Starting at the line that contains "Синтез и свойства", return every line through the end of the data exactly, without pictures.

*** Recorded information ***

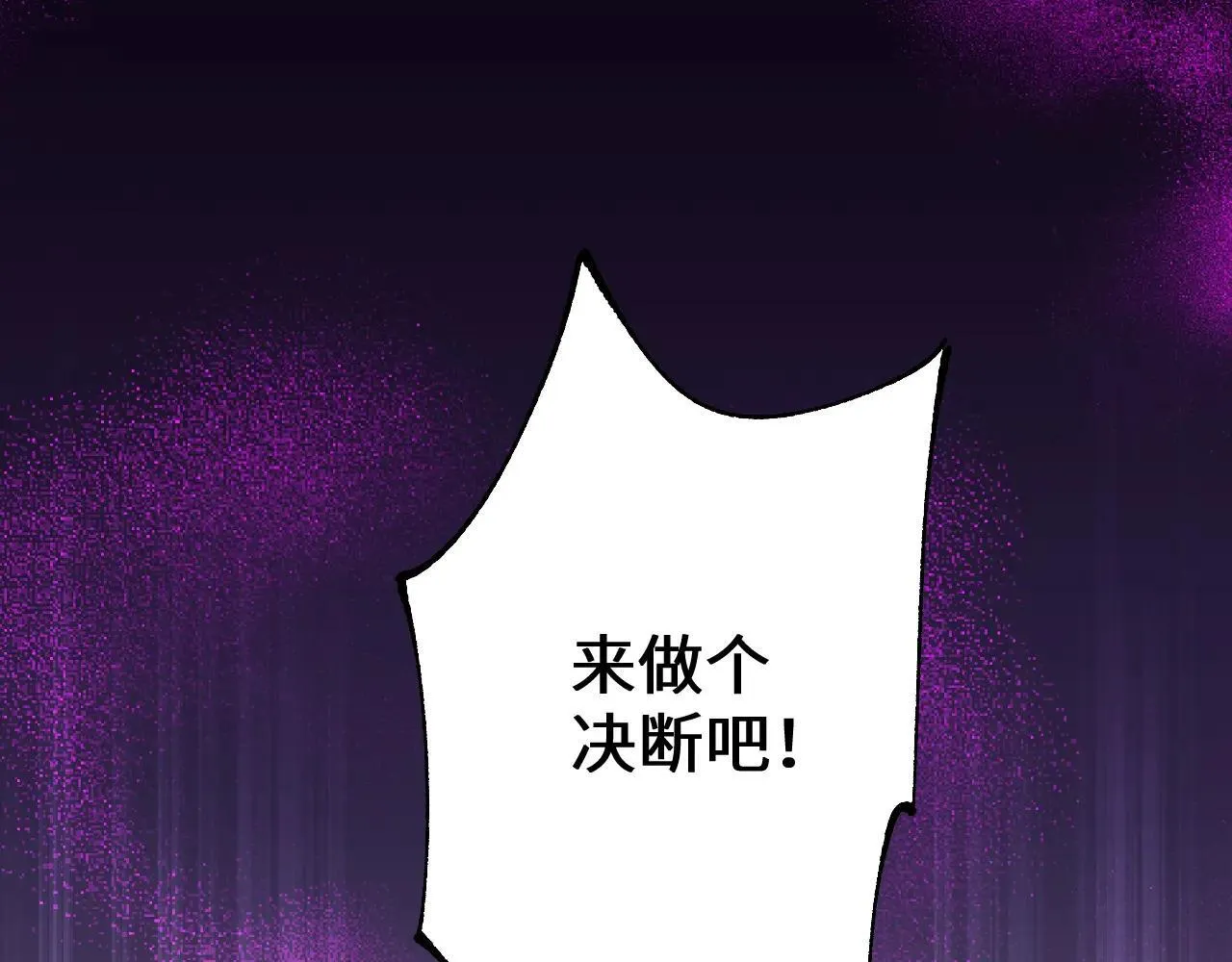 第34话 两女相争40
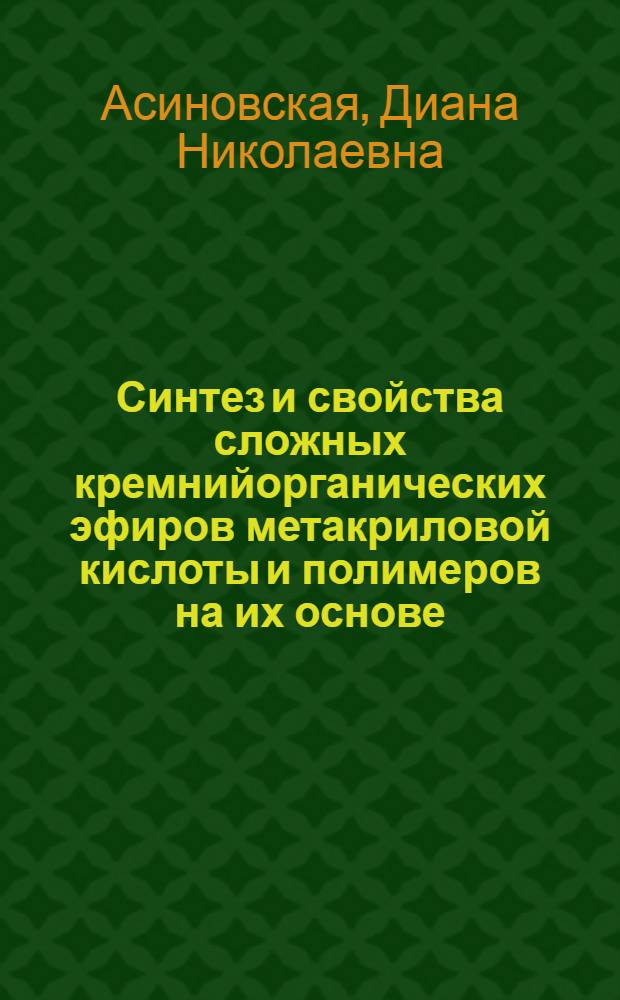 Синтез и свойства сложных кремнийорганических эфиров метакриловой кислоты и полимеров на их основе : Автореф. дис. на соиск. учен. степ. к. х. н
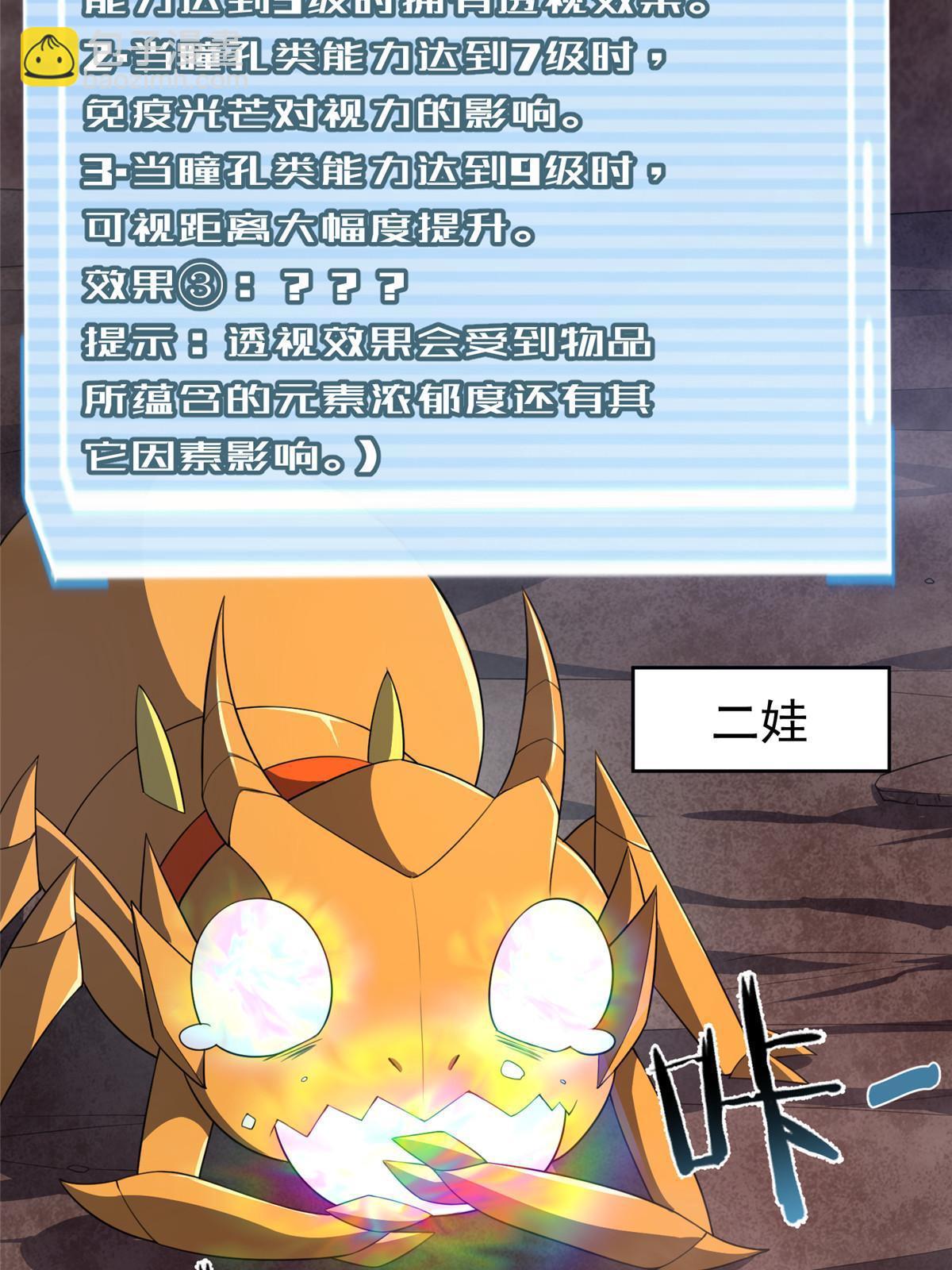 182 龙蚁认亲(1/2)-第186话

***

- _The answer_:
 Синтез и свойства сложных кремнийорганических эфиров метакриловой кислоты и полимеров на их основе : Автореф. дис. на соиск. учен. степ. к. х. н
 182 龙蚁认亲(1/2)-第186话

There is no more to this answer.